Eliminate Your Team’s Task Backlog

Story Map

Your team won’t have a traditional task backlog if you stage it out through scheduled iterations.

Staging your team’s task backlog into scheduled iterations is an important part of managing your project to intermediate milestones. Atomic’s teams commonly decompose a project into a backlog of tasks that can accomplished in a day or less. Backlogs will have detailed tasks estimated for the near-term and larger chunks staged for later work.


We work on tasks during one week iterations. Work accomplished in an iteration is measured and expressed relative to the remaining backlog in a burn chart.

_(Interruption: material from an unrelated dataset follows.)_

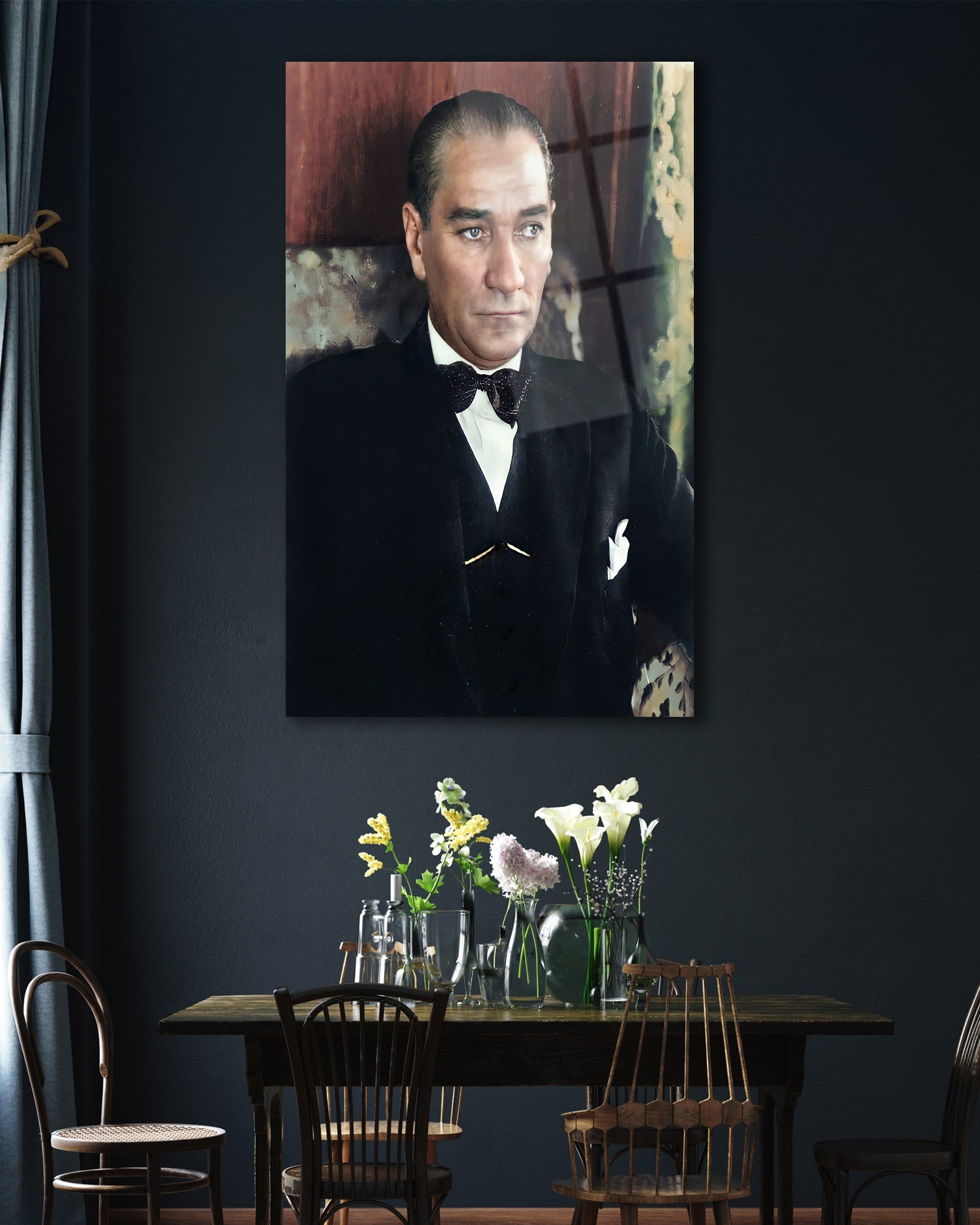 Atatürk Dikey Cam Tablo Hediyelik Büyük Tablo Ev Ofis Dekoru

Doing it Wrong – Scheduling from the Backlog

I suspect many agile teams schedule tasks one iteration at at time. Tasks sit in a backlog until the current iteration is accomplished. When a new iteration is defined, the team will select tasks from the backlog and schedule them for the upcoming iteration based on the team’s velocity from previous iterations.

It’s easy for a team to feel indifferent if a task isn’t accomplished during an iteration. Especially if the project spans many months. Velocity might suffer slightly from the previous iteration, but the team can easily move the task to the next iteration. Fewer tasks from the backlog make it in to the upcoming iteration, and the delivery schedule might drift slightly.

Schedule drift can continue for multiple iterations until scope needs to managed (cut) in the backlog to keep on schedule. It’s disappointing that the scope being cut may be related to differentiating features of the product.

Eliminating the Backlog

I believe there is value in eliminating the backlog and staging tasks and epic stories for the current body of work. Milestones should be established at the start of a project, and all tasks and epics should be associated with a milestone. Detailed or ballpark estimates can be used to identify a delivery schedule based on a predicted velocity.

Iterations should be staged with detailed tasks, and milestones should be called out in the iteration where they are scheduled to be accomplished.

A team may find that each iteration has 5-8 tasks staged in it. A team will feel the immediate impact of drift if a task isn’t completed and needs to move to the next iteration. Because the next iteration had been previously defined, the team feels the pressure of the iteration having more work scheduled than velocity forecasts as feasible.

The near-term schedule pressure will cause a team to take more frequent positive action on scope management. The team can discuss their confidence to complete the iteration as scheduled. If the team doesn’t feel confident, they can discuss how to appropriately manage scope within the iteration or future iterations in order to preserve the schedule and optimize effort given to high value features.

How Do You Roll?

How does your team manage their task backlog? Do you define new iterations as they occur or do you stage out your project? What are the pain points and benefits you find in your approach?